I am good for about 2" of bead then I break my arc to advance the wire. Otherwise I risk contaminating the W. Let me know if you find this helpful.
Robert


----------



## GunsOfNavarone (Aug 22, 2020)

Anybody familiar with the Kane Rush's style of Kung-fu/crane style of wire feeding? He's a great welder, got himself a captains seat welder on Diesel Brothers... I met him at Fabtech last year, and it's really his style of feeding wire that got him noticed. Tried it, I think it would take me a decade to be able t pull it off.
KidKane


----------



## DavidR8 (Aug 22, 2020)

GunsOfNavarone said:


> Anybody familiar with the Kane Rush's style of Kung-fu/crane style of wire feeding? He's a great welder, got himself a captains seat welder on Diesel Brothers... I met him at Fabtech last year, and it's really his style of feeding wire that got him noticed. Tried it, I think it would take me a decade to be able t pull it off.
> KidKane


I watched him with Bob Moffat on a Weld.com video. Interesting style for sure that I would have a very hard time mastering!


----------



## GunsOfNavarone (Aug 22, 2020)

I guess back on point, I bought a tig pen, maybe 3 years ago (before Blue Demon bought them out and made them socially acceptable to use) It does work, but I can't seem to break old habits.
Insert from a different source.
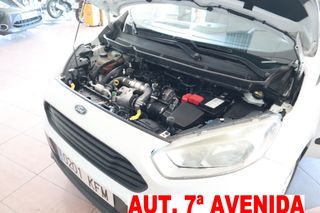 Ford Transit Connect 2017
I tend to want to feed it in the normal way so I end up dabbing and moving closer with it. I ordered that CK version, this may be a best overall answer if I'm honest. Most people have a problem keeping the wire steady while feeding. You get that problem solved and the push/feeding action will be much easier. We'll all have to post back here (with video?) when we get them in.


----------



## Gaffer (Aug 22, 2020)

I just ordered one too. I'm only now learning tig, and have only played with arc control. I haven't tried feeding wire.


----------



## GunsOfNavarone (Aug 22, 2020)

Agreed. Learn puddle control, speed/angle/torch height before adding wire. Don't want to have too many variables going while learning.


----------



## General Zod (Aug 22, 2020)

GunsOfNavarone said:


> Anybody familiar with the Kane Rush's style of Kung-fu/crane style of wire feeding? He's a great welder, got himself a captains seat welder on Diesel Brothers... I met him at Fabtech last year, and it's really his style of feeding wire that got him noticed. Tried it, I think it would take me a decade to be able t pull it off.
> KidKane



The absolute best style of feeding tig rod is the one that feels good/comfortable/flexible for _you_. For example, with the CK EZ Dab'er, once you get to the end of the rod, or to a certain joint inside a structure like a small box/inside corner, it becomes a hindrance. When the rod is brand new 36" it's all good. Wait until it's 3-4" long.  Also, he doesn't always use that Kung-fu feeding style. Sometimes he just holds the filler pinched and dabs with his hand as well.


----------



## GunsOfNavarone (Aug 22, 2020)

Yeah, I have about 4 pair of thoroughly roasted finger tips..I get down to an inch of rod left baby! You get in the zone and your like, "just a couple more dabs...just a couple more dabs...." Feeding with your finger nails, there is no good technique for that!


----------



## General Zod (Aug 22, 2020)

GunsOfNavarone said:


> Yeah, I have about 4 pair of thoroughly roasted finger tips..I get down to an inch of rod left baby! You get in the zone and your like, "just a couple more dabs...just a couple more dabs...." Feeding with your finger nails, there is no good technique for that!


 Long needle nose pliers


----------



## GunsOfNavarone (Aug 22, 2020)

And get out of the zone?! H3ll no! I just call it a man manicure, melted fingernail tips!


----------



## Weldo (Aug 23, 2020)

Haha, there's nothing quite like that feeling of super hot leather shrinking tightly around your index finger!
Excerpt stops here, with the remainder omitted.